DATA SEGMENT: Begin

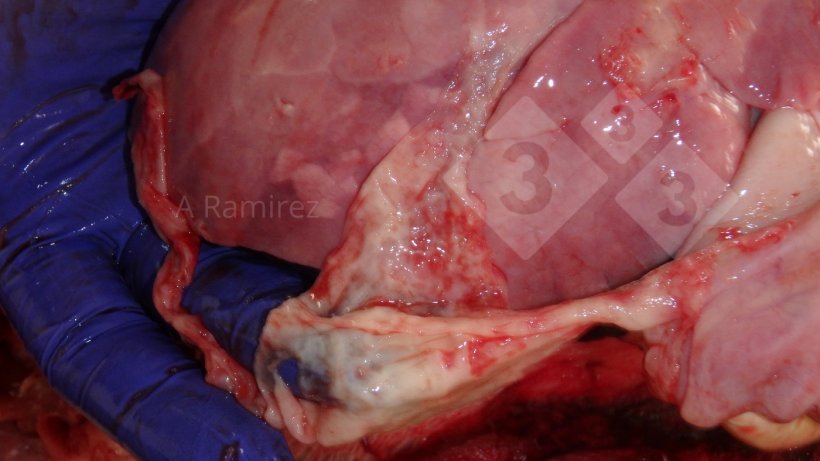 Ryc. 2: Obraz wł&oacute;knistego wysięku na powierzchni płuc. Pr&oacute;bki do pobrania do diagnostyki G. parasuis to wł&oacute;knik&nbsp;i miąższ płuc&nbsp;
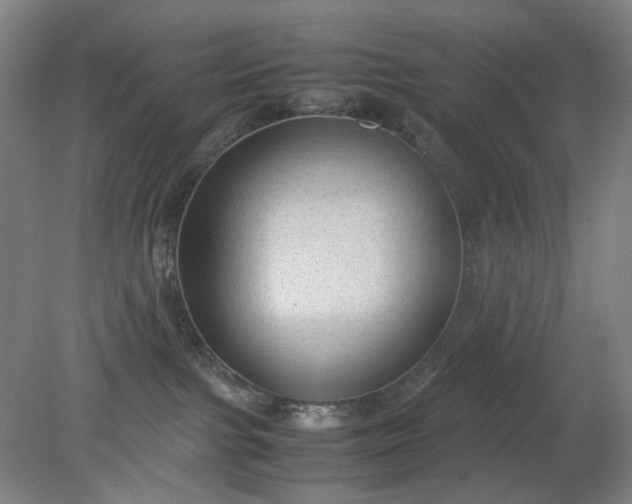 X0000079320091200612011853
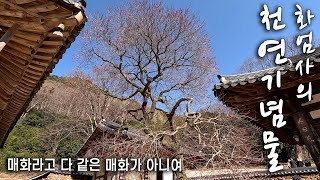 [4K] 천연기념물 확대 지정 기념식에 다녀왔습니다 | 구례 광양 04 화엄사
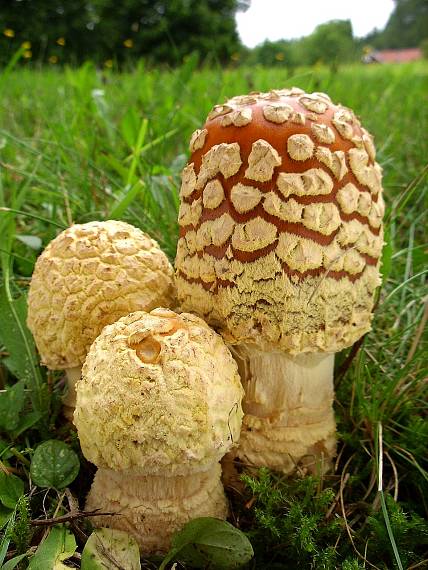 muchotrávka kráľovská Amanita regalis (Fr.) Michael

DATA SEGMENT: End

> [EXERCISE INSTRUCTIONS] The reply should consist only of the lines running from the one with "X0000079320091200612011853" through the end of the material, both included, copied exactly; please omit pictures.

> [SOLVED EXERCISE]
 X0000079320091200612011853
 [4K] 천연기념물 확대 지정 기념식에 다녀왔습니다 | 구례 광양 04 화엄사
 muchotrávka kráľovská Amanita regalis (Fr.) Michael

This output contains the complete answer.